> _Task brief_
Retype the line where "Canon - Metal Open Frame Bed" appears and each line that follows it down to the last line of the records below. Leave the pictures out.

> _Provided records_
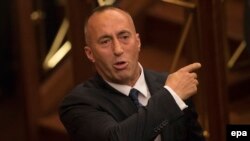 Kosovar Prime Minister Ramush Haradinaj (file photo)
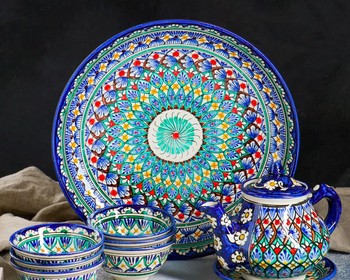 Экскурсия по Коканду и керамика Риштана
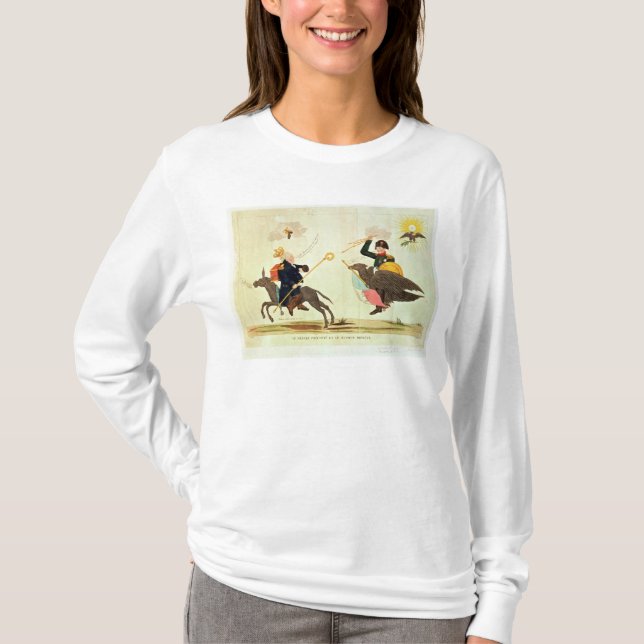 T-shirt Caricature des 'cent jours (Devant)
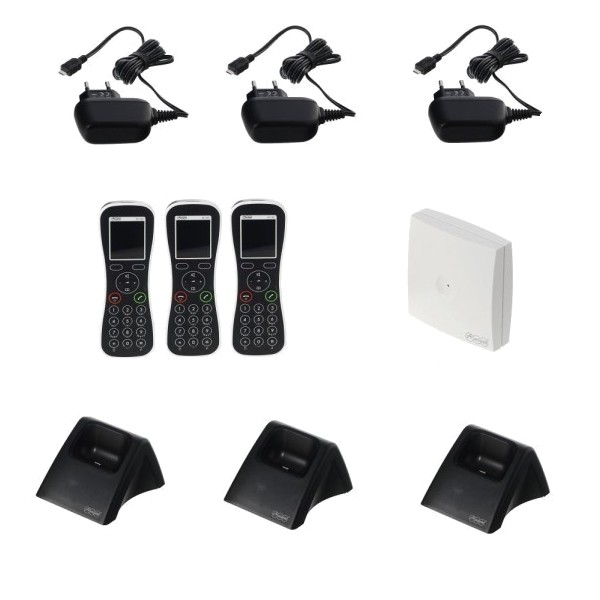 Auerswald COMfortel WS-400 IP Base Pack, #134773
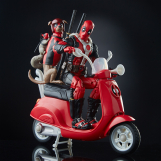 Screenshot på Marvel Legends Series Deadpool CORPS Action Figure & Vechicle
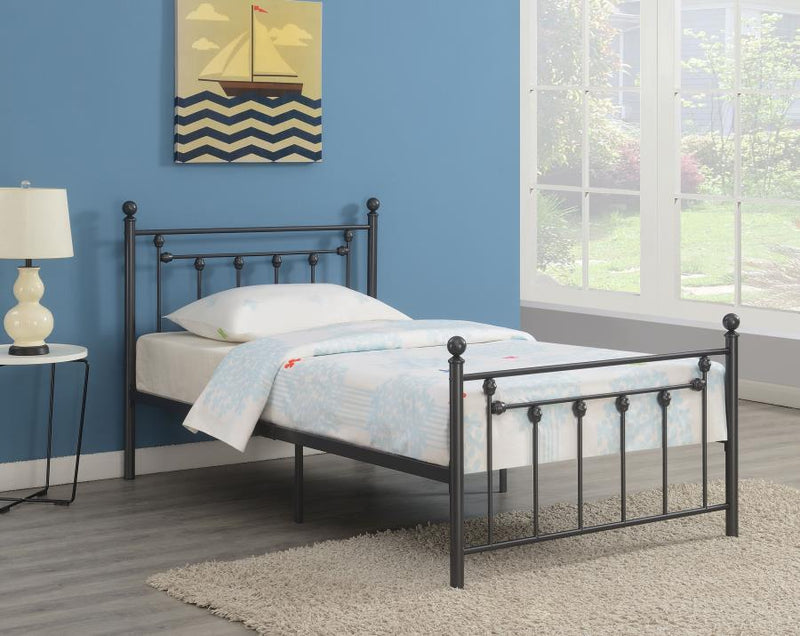 Canon - Metal Open Frame Bed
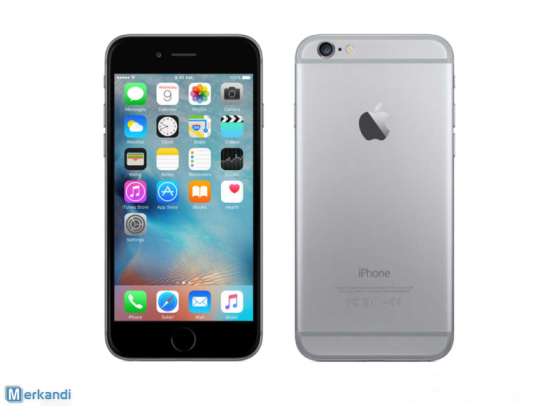 „Apple iPhone 6“ 128 GB IPS LCD 4,7 atrakintas [KK]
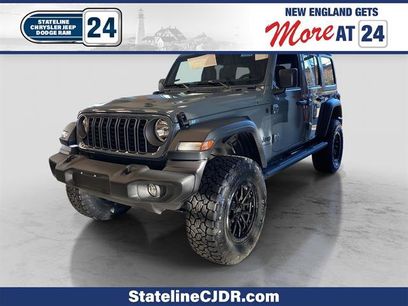 New 2026 Jeep Wrangler Sport S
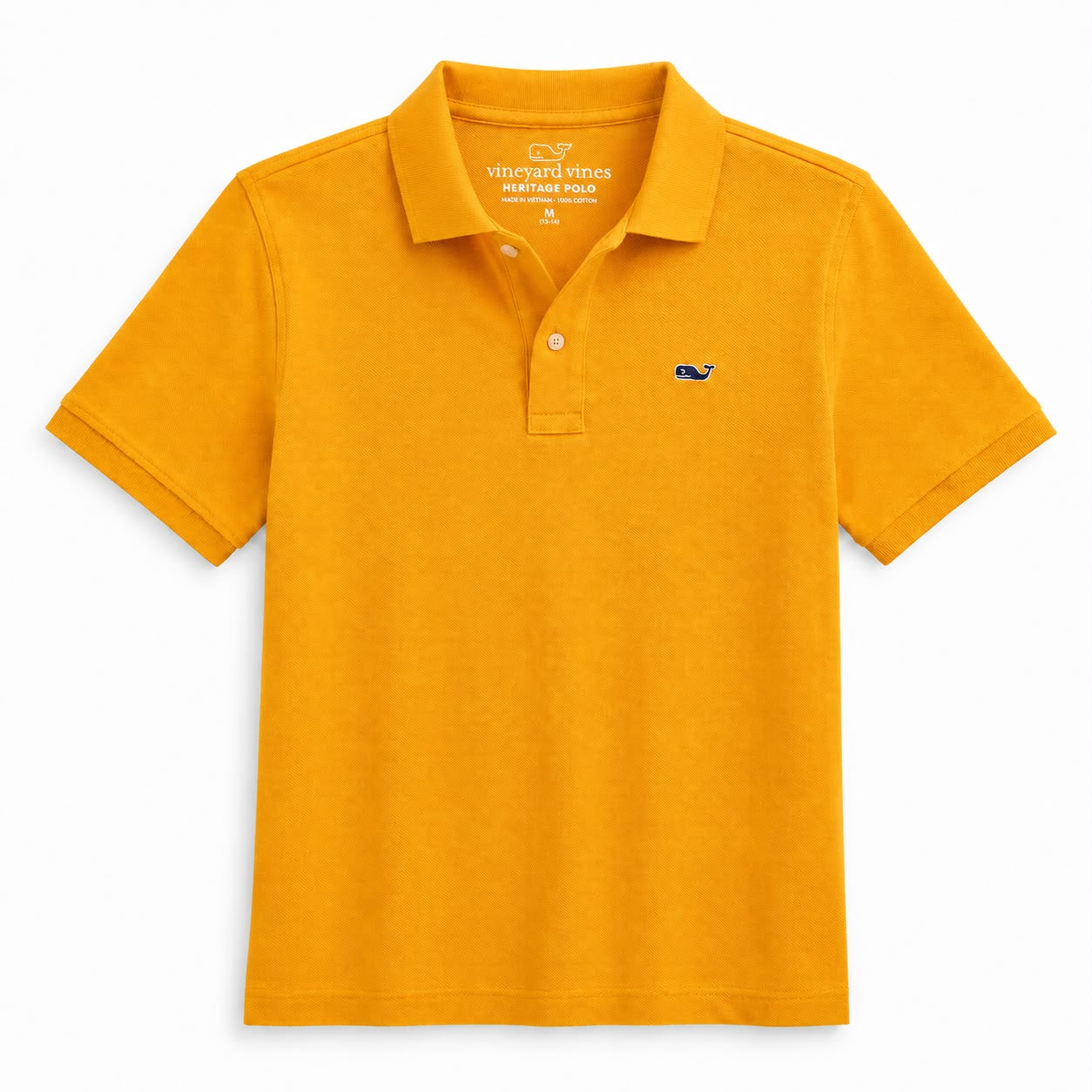Vineyard vines Boys' Heritage Pique Polo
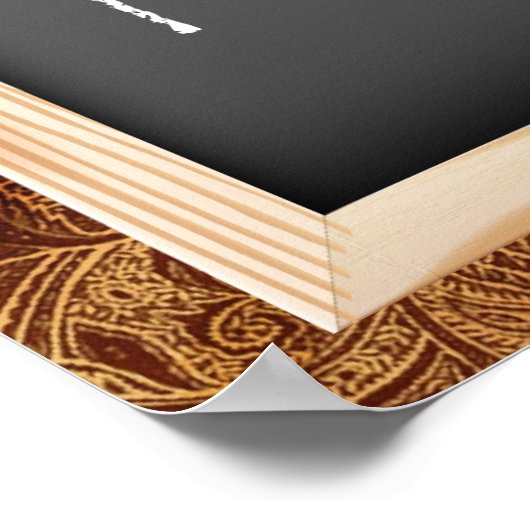 Zeg me dat ik het citaat vergeet. Chinees spreekwo Poster (Hoek)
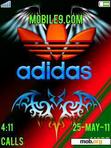 Download mobile theme Adidas Special Edition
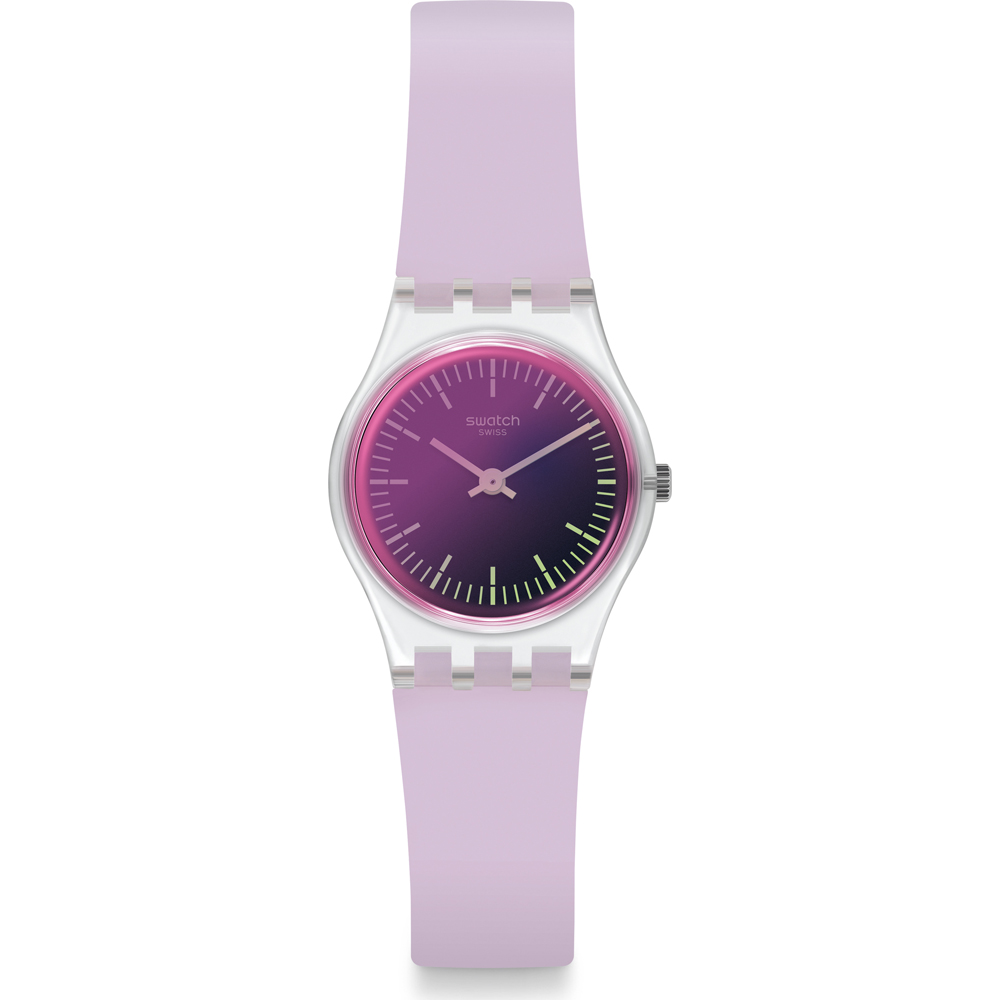 Swatch Standard Ladies LK390 Ultraviolet Watch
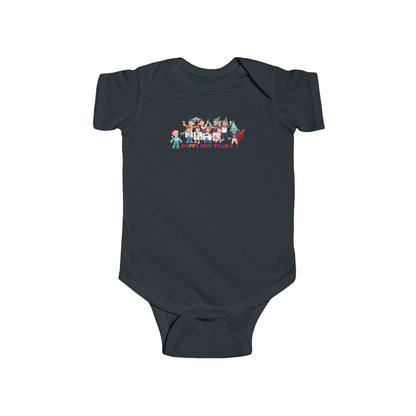Infant Bodysuit - Happy new year from super kiddo - [[{"value":"Wonderwear Kid"}]]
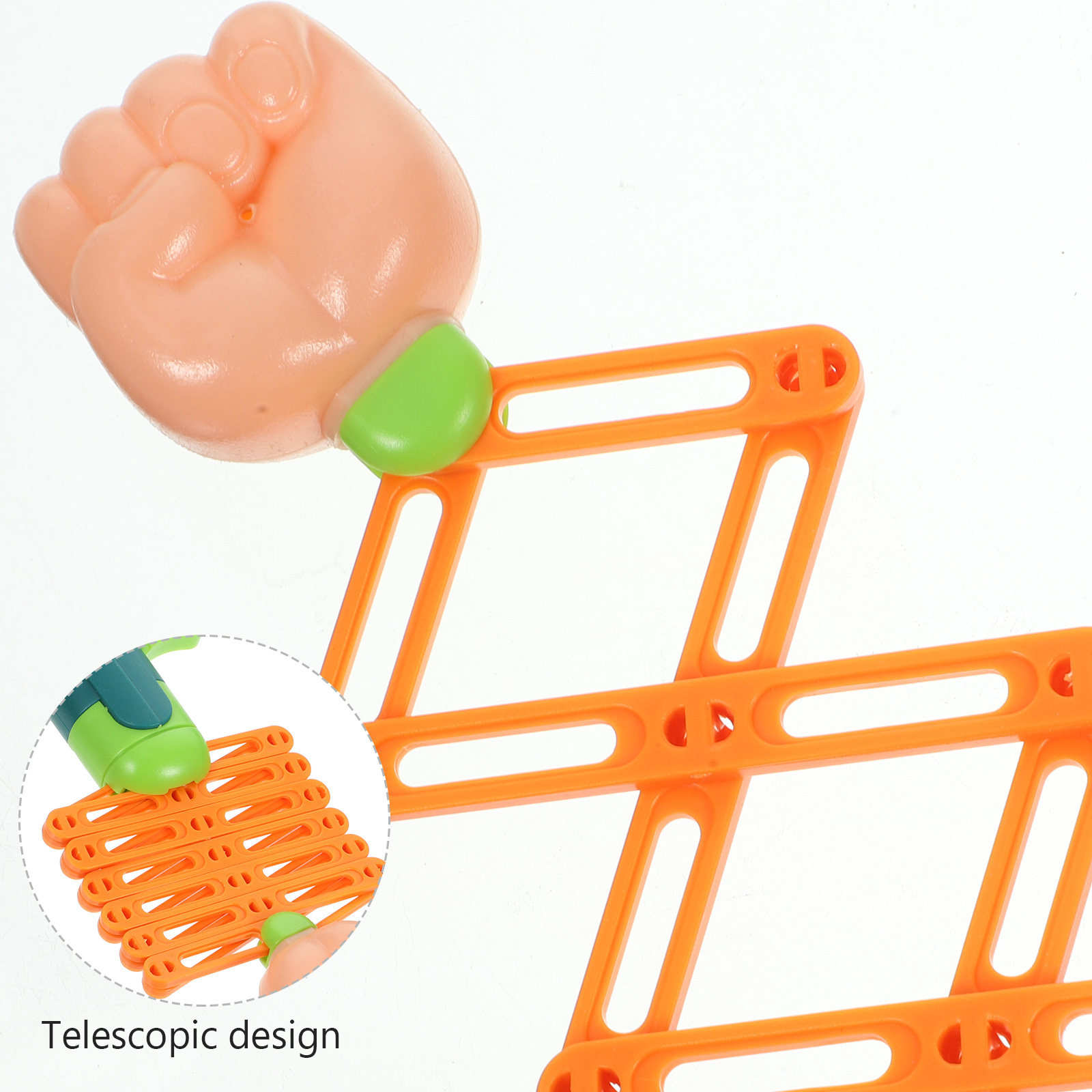 2Pcs Telescopic Spring Fists C - Party Games Kids Outdoor recension och pris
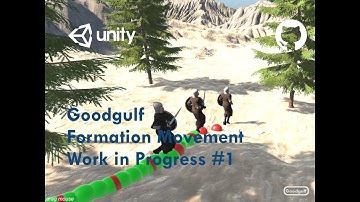 Formation Movement for Unity v2.0 - Work in Progress #1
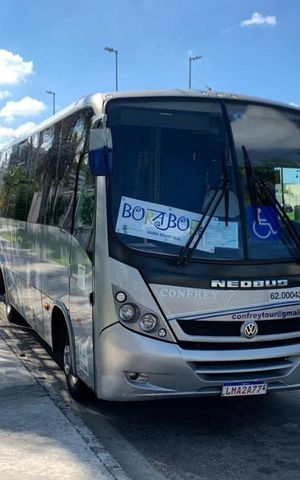 Apartamento para alugar com 80m², 2 quartos e 1 vaga Apartamento para alugar com 80m², 2 quartos e 1 vagaMicro ônibus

> _Result for this task_
 Canon - Metal Open Frame Bed
 „Apple iPhone 6“ 128 GB IPS LCD 4,7 atrakintas [KK]
 New 2026 Jeep Wrangler Sport S
Vineyard vines Boys' Heritage Pique Polo
 Zeg me dat ik het citaat vergeet. Chinees spreekwo Poster (Hoek)
 Download mobile theme Adidas Special Edition
 Swatch Standard Ladies LK390 Ultraviolet Watch
Infant Bodysuit - Happy new year from super kiddo - [[{"value":"Wonderwear Kid"}]]
 2Pcs Telescopic Spring Fists C - Party Games Kids Outdoor recension och pris
 Formation Movement for Unity v2.0 - Work in Progress #1
 Apartamento para alugar com 80m², 2 quartos e 1 vaga Apartamento para alugar com 80m², 2 quartos e 1 vagaMicro ônibus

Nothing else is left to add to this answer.